This story isn’t just about Bay Area companies that give away piles of cash due to their extreme profitability and wealth. Let’s face it, that would be a snoozer of a news story. This story is about the rate at which Bay Area companies give, how it exceeds the national average, and why. The Silicon Valley Community Foundation’s 2013 Corporate Citizenship report has found giving among Bay Area companies soars far above the giving rates in other parts of the country, and we’re here to take a peek inside the numbers.
Bay Area companies lead the nation not in cash giving, but in more nontraditional giving avenues, such as giving of company resources, or employee time. Bay Area companies make 56% of their charitable contributions in non-cash ways, whereas the national average percentage for non-cash giving is 18%. Bay Area companies are also giving more per employee than companies in other parts of the country— $739 per employee over $620 per employee, which is the national average. Big difference.

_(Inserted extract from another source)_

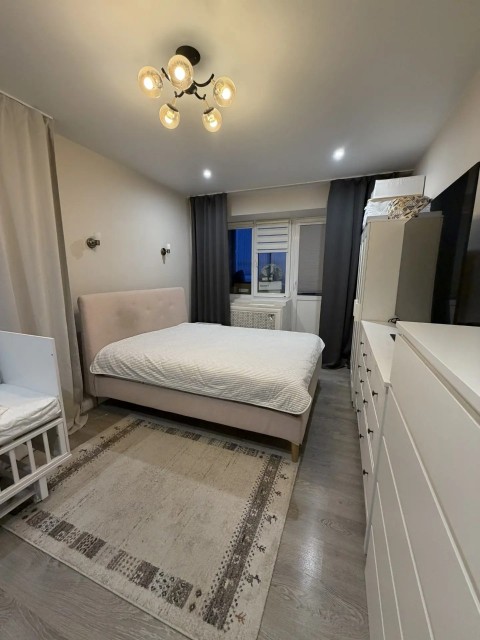 2 комн., 65 м², Блочный, Рынок Столичный 5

This trend really gets at the heart of the fundamental cultural divide between Bay Area companies and their geographically diverse competitors. Specifically, it’s pretty old school to think of charitable contributions as just about money. But clearly, companies all over the country are doing just that, thereby limiting themselves in their charity by failing to think outside the box. Bay Area companies, with their young CEOs and sleek, egalitarian corporate campuses, are reimagining the future of philanthropy—a future that relies just as much on company time, resources, and cachet as on company money.